In view of this, researchers at Adobe and scientists at the University of California, Berkeley have developed a tool that can be used to identify the "liquefaction" effect of PS software.
What's the magic of PS software's "liquefaction" tool?
After being imported into PS software, the photo has undergone a series of liquefaction projects, such as forward deformation, light rubbing and shrinkage, and the final results are as follows:
Is it hard to believe that this is the same person?
Recent popular old photo restoration work, although some people said that Lin Huiyin was rectified a "net red face"...
Adobe and Berkeley's team trained a convolutional neural network (CNN) for recognizing human portrait changes in order to break the illusion created by PS "liquefaction" tools. In short, the tool will ultimately answer the following three questions:
Can we create a more reliable portrait recognition tool than manual recognition?
Can the tool identify what changes the portrait has undergone?
Can we undo these changes to restore the human face to its original shape?
The final recognition accuracy is as high as 99%.
In the specific research and development process, the researchers first wrote a software script to "liquefy" thousands of images collected on the Internet, thus creating a wide range of image training set. Then a subset is randomly selected for network training. To further test the tool's ability to recognize manual trimming, the team also invited a human artist to adjust the images mixed in the dataset.
On the left is a real image captured from Flickr (top) and Open Images (bottom); on the right is a random and automatic morphed portrait created by the PS software's "liquefaction" tool. We can see that there is little difference between the two.
The research team pairs the global situation on the dataset
A brief summary:
The left one is the picture of liquefaction.
The second is to identify the liquefied area by means of tools.
The third is the "recovery" suggestion provided by the tool.
The rightmost is the "true face" that has been "restored"
The final experimental results show that the accuracy of manual recognition is only 53%, and the tool developed by them can achieve 99% of the recognition accuracy!
Always used to shoot before P chart of you, tremble!
Behind this tool is a technology called "image forensics" or "forgery detection", which has become increasingly important in today's computer vision field.
In the past, many researchers have proposed a variety of forensic methods to detect human tampering, such as detecting images through custom clues, and most typically detecting resampling artifacts by discovering periodic correlation between pixels (custom content). However, this type of interactive editing tool is complex and difficult to model, so it is not. In this work, the team ultimately chose to acquire relevant abilities based on a large number of data training; in view of the lack of labeled data, academia proposed various self-supervised training methods, based on automatically generated false images for training.
In order to equip the machine with the ability to distinguish the true from the false, the team used ResNet50 to train a binary classifier, pre-train the ImageNet classifier, and fine-tune it according to the task needs. To further equip the machine with the ability to "restore", the team first predicted an optical flow field.Predict the path from the original imageTo tamper with image X, and then use it to try to "reverse" the original image.
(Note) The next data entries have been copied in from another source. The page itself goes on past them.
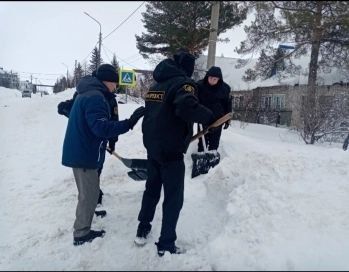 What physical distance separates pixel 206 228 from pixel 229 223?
0.32 metres

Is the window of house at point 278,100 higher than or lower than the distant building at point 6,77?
lower

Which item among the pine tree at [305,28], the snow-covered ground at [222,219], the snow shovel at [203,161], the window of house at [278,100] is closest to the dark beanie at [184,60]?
the pine tree at [305,28]

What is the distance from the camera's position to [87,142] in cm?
351

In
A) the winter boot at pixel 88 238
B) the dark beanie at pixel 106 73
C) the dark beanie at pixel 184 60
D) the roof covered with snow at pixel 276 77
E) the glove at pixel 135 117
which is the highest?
the roof covered with snow at pixel 276 77

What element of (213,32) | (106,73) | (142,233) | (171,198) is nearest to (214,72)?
(213,32)

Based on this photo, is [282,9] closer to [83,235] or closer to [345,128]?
[83,235]

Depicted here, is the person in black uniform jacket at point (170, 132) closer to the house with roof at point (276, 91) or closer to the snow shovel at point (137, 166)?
the snow shovel at point (137, 166)

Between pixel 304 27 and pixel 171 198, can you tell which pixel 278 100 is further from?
Answer: pixel 171 198

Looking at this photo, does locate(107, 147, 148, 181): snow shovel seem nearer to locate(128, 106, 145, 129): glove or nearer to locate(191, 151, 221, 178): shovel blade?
locate(191, 151, 221, 178): shovel blade

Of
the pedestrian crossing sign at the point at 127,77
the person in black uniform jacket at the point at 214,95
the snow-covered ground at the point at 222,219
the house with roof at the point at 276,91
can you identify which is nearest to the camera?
the snow-covered ground at the point at 222,219

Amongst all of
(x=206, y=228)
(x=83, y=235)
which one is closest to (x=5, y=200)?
(x=83, y=235)

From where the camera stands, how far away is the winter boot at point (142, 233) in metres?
3.40

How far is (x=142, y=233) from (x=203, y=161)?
1988mm

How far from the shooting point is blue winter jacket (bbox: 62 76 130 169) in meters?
3.36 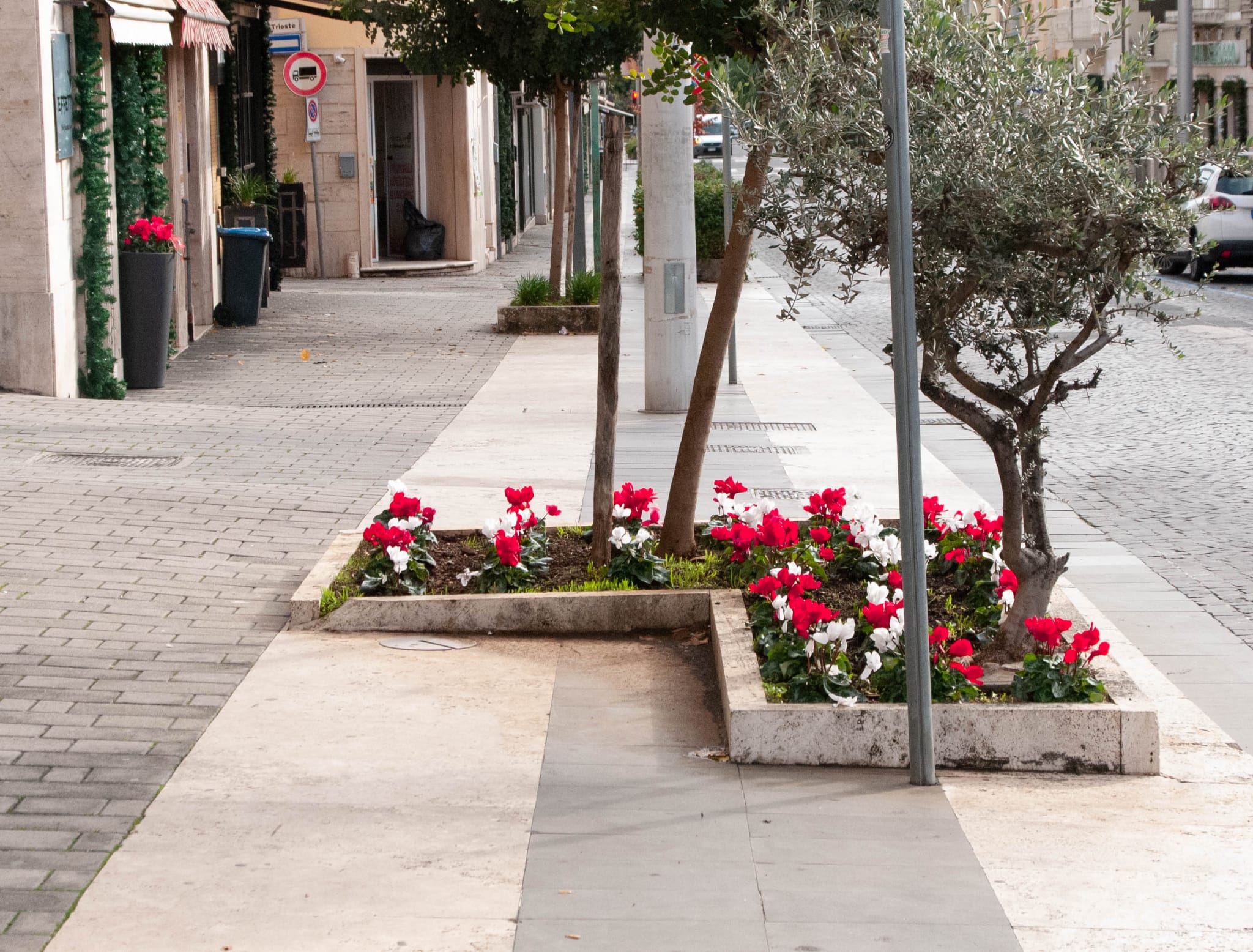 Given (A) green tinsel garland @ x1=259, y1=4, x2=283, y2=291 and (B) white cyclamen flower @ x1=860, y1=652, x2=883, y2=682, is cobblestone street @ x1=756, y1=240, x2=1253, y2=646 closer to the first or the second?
(B) white cyclamen flower @ x1=860, y1=652, x2=883, y2=682


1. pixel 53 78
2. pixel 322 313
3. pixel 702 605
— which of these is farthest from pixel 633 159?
pixel 702 605

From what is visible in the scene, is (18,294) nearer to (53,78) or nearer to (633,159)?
(53,78)

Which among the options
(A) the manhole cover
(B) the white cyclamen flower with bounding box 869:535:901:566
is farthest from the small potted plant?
(B) the white cyclamen flower with bounding box 869:535:901:566

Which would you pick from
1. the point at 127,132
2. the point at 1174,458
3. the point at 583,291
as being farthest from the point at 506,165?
the point at 1174,458

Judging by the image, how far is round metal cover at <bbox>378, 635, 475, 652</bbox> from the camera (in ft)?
20.7

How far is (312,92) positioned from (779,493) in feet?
51.6

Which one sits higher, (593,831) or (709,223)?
(709,223)

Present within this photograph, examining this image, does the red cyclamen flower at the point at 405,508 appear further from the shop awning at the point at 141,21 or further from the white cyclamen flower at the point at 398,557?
the shop awning at the point at 141,21

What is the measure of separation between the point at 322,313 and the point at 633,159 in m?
72.6

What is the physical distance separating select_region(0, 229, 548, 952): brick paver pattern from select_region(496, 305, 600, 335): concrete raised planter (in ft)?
7.02

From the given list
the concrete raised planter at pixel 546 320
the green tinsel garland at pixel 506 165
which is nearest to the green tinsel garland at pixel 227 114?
the concrete raised planter at pixel 546 320

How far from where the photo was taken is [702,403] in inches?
277

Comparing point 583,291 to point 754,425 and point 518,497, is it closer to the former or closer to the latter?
point 754,425

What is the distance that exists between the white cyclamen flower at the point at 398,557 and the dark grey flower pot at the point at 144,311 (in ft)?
25.0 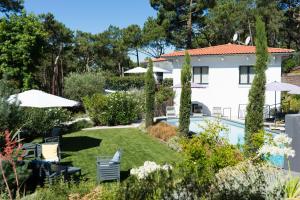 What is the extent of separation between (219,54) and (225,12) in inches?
790

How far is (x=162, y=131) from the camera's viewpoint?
66.9ft

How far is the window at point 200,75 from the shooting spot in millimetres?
28766

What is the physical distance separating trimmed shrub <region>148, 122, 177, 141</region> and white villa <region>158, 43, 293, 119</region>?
7.70 meters

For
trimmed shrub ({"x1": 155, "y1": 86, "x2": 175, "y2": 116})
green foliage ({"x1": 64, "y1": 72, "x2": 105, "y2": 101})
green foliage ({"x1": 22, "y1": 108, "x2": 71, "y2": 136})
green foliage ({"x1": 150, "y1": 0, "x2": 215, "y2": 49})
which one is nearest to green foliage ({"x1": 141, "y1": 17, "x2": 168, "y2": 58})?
green foliage ({"x1": 150, "y1": 0, "x2": 215, "y2": 49})

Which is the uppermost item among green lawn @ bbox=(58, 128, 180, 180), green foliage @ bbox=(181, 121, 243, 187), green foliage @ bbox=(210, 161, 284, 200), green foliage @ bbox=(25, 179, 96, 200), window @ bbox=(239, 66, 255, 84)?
window @ bbox=(239, 66, 255, 84)

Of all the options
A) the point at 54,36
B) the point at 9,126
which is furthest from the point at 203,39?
the point at 9,126

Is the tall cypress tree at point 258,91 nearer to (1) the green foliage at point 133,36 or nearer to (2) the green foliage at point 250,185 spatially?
(2) the green foliage at point 250,185

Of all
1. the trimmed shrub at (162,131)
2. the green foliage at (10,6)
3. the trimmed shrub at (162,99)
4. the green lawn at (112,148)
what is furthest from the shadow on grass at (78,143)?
the green foliage at (10,6)

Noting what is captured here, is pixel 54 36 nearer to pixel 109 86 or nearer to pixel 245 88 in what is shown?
pixel 109 86

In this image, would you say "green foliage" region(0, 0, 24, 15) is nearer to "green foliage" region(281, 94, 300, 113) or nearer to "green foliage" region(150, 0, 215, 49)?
"green foliage" region(150, 0, 215, 49)

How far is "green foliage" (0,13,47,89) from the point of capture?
82.4 feet

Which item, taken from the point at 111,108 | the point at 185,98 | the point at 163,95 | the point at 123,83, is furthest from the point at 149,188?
the point at 123,83

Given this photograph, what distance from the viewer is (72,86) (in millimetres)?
29906

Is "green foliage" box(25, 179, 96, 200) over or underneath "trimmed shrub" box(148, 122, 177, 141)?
underneath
Finally, let's look at the power of tools.
However, this is not the first time PS has smashed its own signboard.
Just last year, researchers from Adobe published a paper on image tampering detection (Learning Rich Features for Image Manipulation Detection) on CVPR. The core of this work is to equip the machine with the ability to recognize the following three image tampering methods:
Stitching - Stitching objects from a separate map to another map.
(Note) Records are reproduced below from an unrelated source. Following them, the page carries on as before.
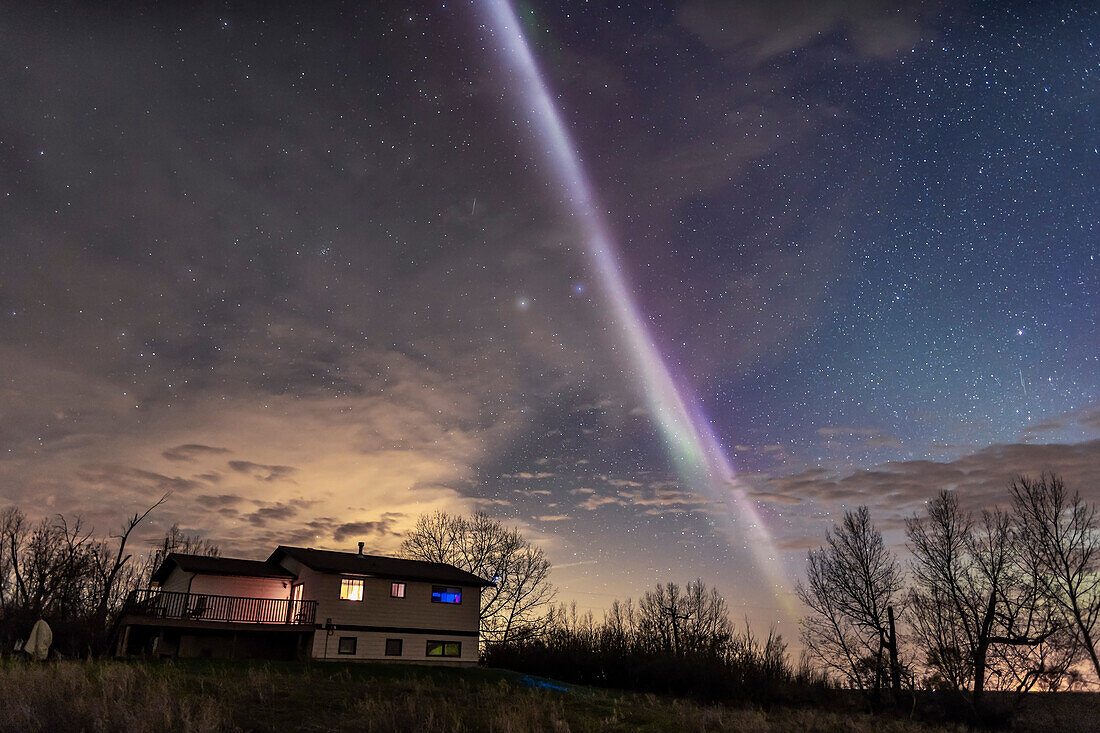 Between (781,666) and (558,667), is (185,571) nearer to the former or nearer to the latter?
(558,667)

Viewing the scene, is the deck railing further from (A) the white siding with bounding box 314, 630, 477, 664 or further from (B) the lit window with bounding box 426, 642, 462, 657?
(B) the lit window with bounding box 426, 642, 462, 657

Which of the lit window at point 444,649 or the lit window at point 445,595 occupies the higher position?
the lit window at point 445,595

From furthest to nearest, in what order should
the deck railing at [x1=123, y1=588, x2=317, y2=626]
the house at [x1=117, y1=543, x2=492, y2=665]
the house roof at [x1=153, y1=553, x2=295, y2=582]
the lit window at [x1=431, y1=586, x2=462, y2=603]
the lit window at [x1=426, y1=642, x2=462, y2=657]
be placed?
the lit window at [x1=431, y1=586, x2=462, y2=603]
the lit window at [x1=426, y1=642, x2=462, y2=657]
the house roof at [x1=153, y1=553, x2=295, y2=582]
the house at [x1=117, y1=543, x2=492, y2=665]
the deck railing at [x1=123, y1=588, x2=317, y2=626]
Copy - Move - Copy parts of a graph and place them elsewhere in the graph.
Remove - Remove parts of the image.
In other words, compared with the obscure adjustment of liquefaction, Adobe tried to solve the problem of image tampering with thick lines at that time.
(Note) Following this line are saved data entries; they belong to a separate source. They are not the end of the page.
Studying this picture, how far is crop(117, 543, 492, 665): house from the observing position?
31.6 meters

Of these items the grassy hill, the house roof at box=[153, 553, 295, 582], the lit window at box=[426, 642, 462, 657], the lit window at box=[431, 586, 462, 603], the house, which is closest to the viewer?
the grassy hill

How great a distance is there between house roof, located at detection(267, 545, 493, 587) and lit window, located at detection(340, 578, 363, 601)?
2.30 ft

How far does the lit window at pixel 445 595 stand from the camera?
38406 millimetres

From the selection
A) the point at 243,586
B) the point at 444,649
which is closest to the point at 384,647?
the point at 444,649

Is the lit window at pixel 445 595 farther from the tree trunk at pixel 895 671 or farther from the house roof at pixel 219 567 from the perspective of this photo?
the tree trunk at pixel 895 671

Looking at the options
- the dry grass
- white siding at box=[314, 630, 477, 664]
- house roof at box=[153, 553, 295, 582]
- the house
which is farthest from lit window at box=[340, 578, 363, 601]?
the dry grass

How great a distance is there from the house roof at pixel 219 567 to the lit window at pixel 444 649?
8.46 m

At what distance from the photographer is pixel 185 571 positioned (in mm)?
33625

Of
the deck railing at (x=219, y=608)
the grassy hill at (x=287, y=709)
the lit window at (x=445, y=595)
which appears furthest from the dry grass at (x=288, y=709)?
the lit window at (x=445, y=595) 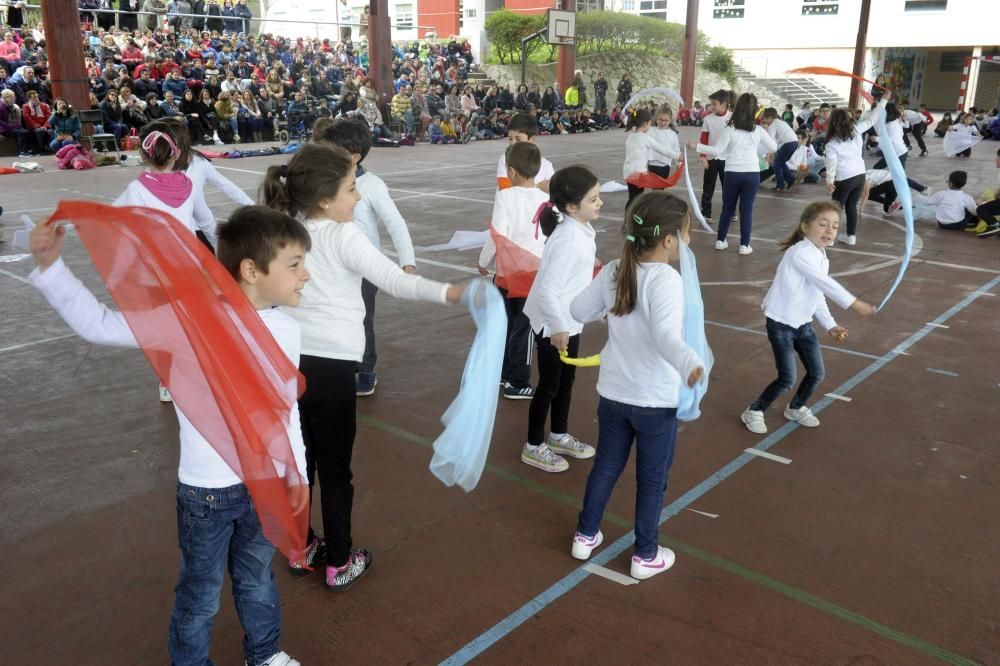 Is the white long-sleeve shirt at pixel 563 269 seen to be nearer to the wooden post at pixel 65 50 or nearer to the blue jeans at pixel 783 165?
the blue jeans at pixel 783 165

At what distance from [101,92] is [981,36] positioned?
40.1 meters

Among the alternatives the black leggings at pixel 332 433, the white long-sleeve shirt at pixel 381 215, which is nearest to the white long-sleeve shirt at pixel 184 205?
the white long-sleeve shirt at pixel 381 215

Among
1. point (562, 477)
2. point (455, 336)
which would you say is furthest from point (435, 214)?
point (562, 477)

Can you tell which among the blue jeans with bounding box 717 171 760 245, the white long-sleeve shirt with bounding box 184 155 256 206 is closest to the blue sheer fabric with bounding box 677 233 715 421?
the white long-sleeve shirt with bounding box 184 155 256 206

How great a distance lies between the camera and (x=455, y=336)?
653cm

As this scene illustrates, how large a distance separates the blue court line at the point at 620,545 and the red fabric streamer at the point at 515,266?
4.83 ft

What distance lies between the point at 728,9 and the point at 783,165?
1367 inches

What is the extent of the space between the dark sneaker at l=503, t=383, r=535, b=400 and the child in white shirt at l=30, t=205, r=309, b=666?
2.84m

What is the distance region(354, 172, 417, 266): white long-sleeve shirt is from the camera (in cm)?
439

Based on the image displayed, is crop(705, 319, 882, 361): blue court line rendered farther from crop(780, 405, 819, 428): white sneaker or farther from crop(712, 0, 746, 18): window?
crop(712, 0, 746, 18): window

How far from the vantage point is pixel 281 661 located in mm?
2719

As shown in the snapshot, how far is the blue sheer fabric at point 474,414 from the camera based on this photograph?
2.85 meters

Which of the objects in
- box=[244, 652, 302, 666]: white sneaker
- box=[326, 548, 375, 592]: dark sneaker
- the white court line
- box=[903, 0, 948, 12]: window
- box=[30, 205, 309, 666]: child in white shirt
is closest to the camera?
box=[30, 205, 309, 666]: child in white shirt

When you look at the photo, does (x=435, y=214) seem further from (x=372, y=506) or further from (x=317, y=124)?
(x=372, y=506) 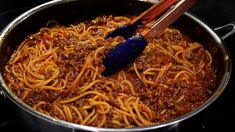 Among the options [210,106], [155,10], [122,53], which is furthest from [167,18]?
[210,106]

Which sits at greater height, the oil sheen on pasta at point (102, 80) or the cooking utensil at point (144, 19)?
the cooking utensil at point (144, 19)

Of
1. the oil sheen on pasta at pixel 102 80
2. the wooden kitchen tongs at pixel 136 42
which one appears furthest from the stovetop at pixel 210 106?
the wooden kitchen tongs at pixel 136 42

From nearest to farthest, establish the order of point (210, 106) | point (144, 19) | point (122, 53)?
1. point (210, 106)
2. point (122, 53)
3. point (144, 19)

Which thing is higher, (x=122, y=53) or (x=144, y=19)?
(x=144, y=19)

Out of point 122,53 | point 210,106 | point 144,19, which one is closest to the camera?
point 210,106

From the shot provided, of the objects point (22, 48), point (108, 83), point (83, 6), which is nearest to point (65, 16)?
point (83, 6)

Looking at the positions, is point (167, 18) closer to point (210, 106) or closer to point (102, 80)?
point (102, 80)

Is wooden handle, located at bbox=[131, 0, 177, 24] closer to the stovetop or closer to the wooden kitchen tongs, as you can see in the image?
the wooden kitchen tongs

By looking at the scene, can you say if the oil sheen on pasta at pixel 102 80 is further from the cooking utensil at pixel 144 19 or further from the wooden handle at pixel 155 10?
the wooden handle at pixel 155 10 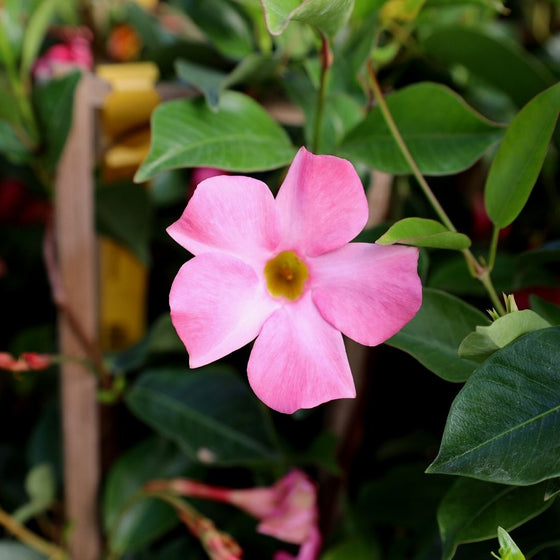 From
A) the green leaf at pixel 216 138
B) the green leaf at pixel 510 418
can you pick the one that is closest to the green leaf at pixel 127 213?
the green leaf at pixel 216 138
In this paper, the PS research team proposes a solution called "dual-stream Faster R-CNN network":
The orange arrows are connected by RGB streams, and the blue arrows are connected by noise streams. Each individual stream is actually a Faster R-CNN.
The final identification results are as follows:
Compared with other Baselines, such as ELA, NOI1 and CFA1, this method has more outstanding ability to recognize image tampering.
Netizens'response to this
After the technology was released, it aroused a heated discussion among netizens on Weibo. Some people thought that this tool was "unpleasant":
At the same time, a group of melon eaters quickly gathered below.
Others are worried about their life-long events:
Another netizen sent out a soul question:
However, you may not have to worry about this. The technology of restoring the original image of PS with one button is still a long way from being instrumentalized.
Richard Zhang, an Adobe researcher, made it clear on Adobe's official blog that "ideas are far from reality" and that they would "explore further research in this field". Gavin Miller, director of scientific research at Adobe, also said the work was to identify and prevent the abuse of Map technology. "The journey of image forensics is just beginning."